An exposed API is protected by a basic username and password authentication system. We would like to expand usage of this API to external applications using OAuth for delegated authority, without having to set up an entirely new identity management system.
We can use the Layer 7 OAuth Toolkit to protect this API, using multiple methods – including traditional credential types (basic auth, WS-Security UsernameToken, client certificate) and the extension of those credentials to third-party apps using OAuth 2.0.
The OAuth Toolkit provides built-in integration with an internal identity provider. Within the Layer 7 Policy Manager, we can navigate to the Authorization Server provided with the OAuth Toolkit and simply redirect the authentication assertion to point to our designated identity store – this could be LDAP, Active Directory or any other major IAM system.

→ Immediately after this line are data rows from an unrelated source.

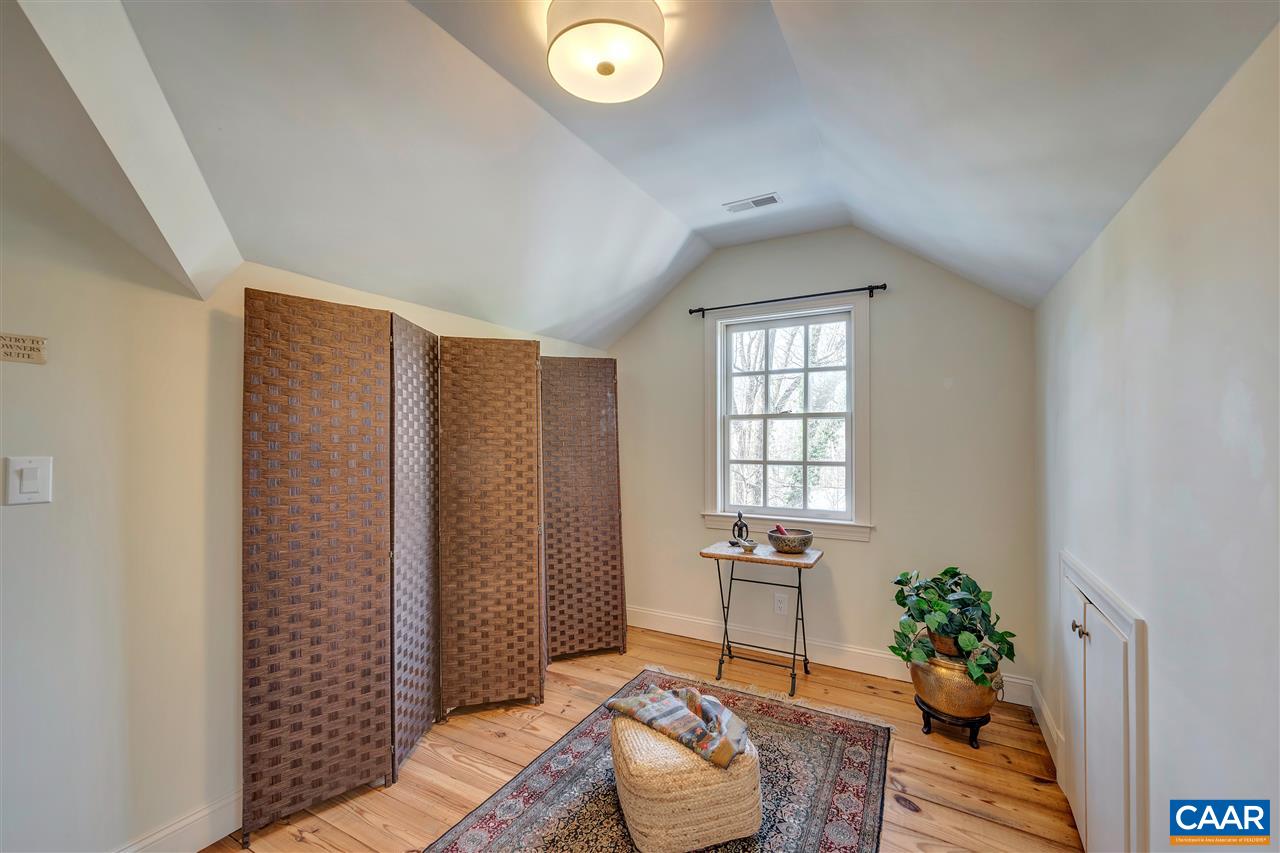 1326 Hilltop Road Charlottesville, VA 22903 - Photo 22 of 38 Gallery Image 22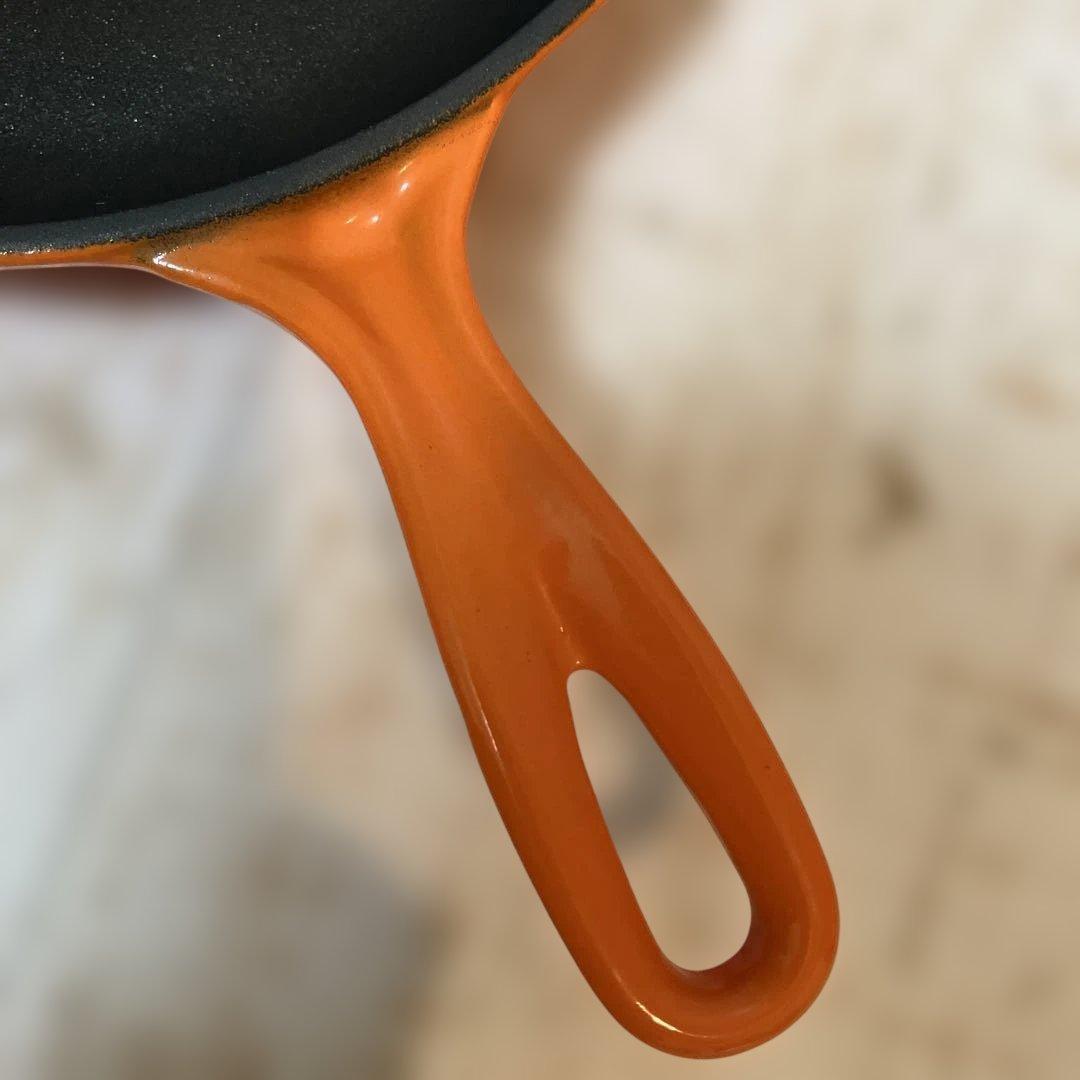 ＊未使用＊　ル・クルーゼ23cm スキレット オレンジ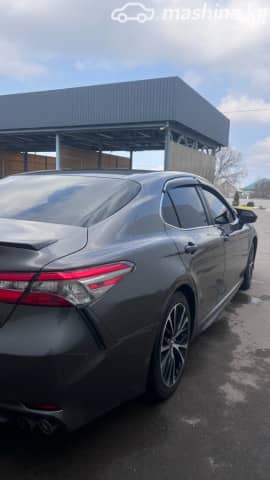 Toyota Camry VIII (XV70) 2.5 AT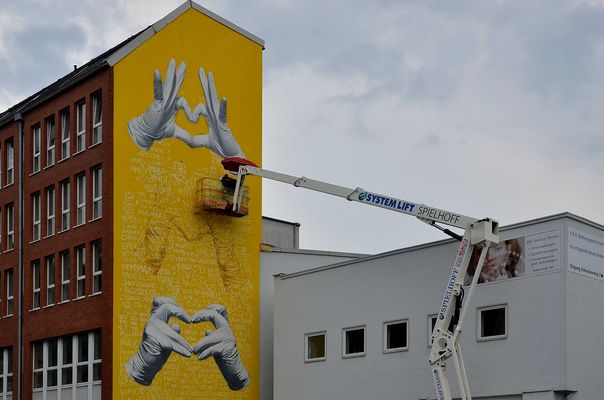 Mural "Love Gloves Series I" / Wuppertal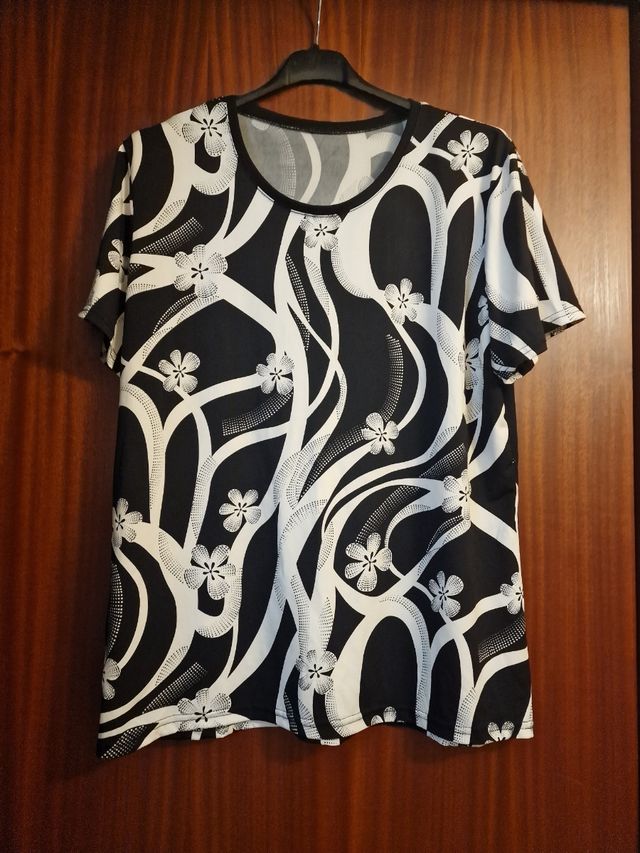 Maglietta Bianca e Nera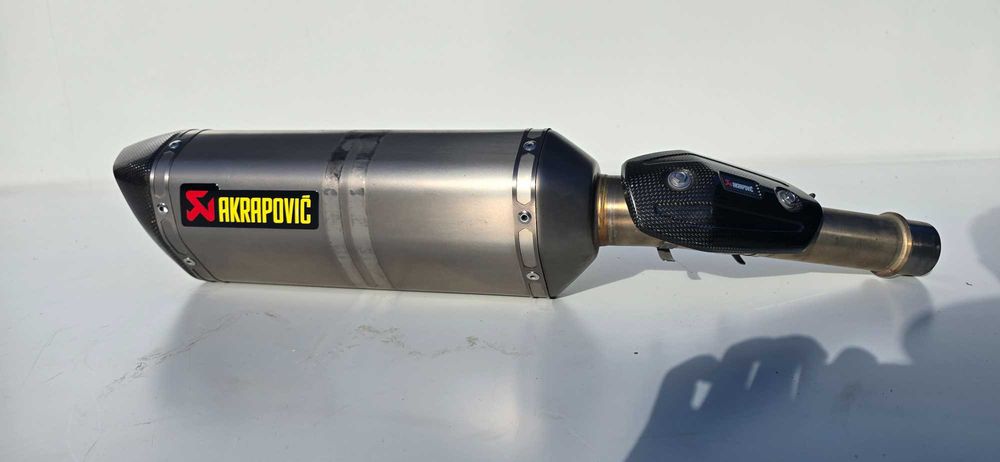 Kawasaki KLZ 1000 Versys Tłumik Wydech Akrapović 15-17r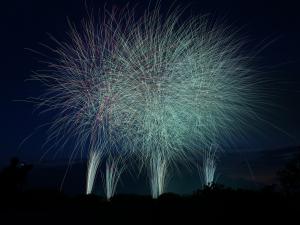 青色系の打ち上げ花火の写真です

We then include the “OAuth 2.0 runtime authorization fragment” in our API security policy, which will require a successful OAuth client handshake before access is granted to the API. At runtime, the policy fragment will redirect to the Layer 7 Authorization Server, which will validate the user against the intended identity store and generate a valid access token. The token will then be used to gain access to the API.
By creating two branches, we can incorporate both our original authentication mechanism (basic auth) and our new OAuth interaction path, using the same identity store. We can also configure our API to verify the user's identity at runtime, in order to check whether there have been any contract changes within the token's lifespan.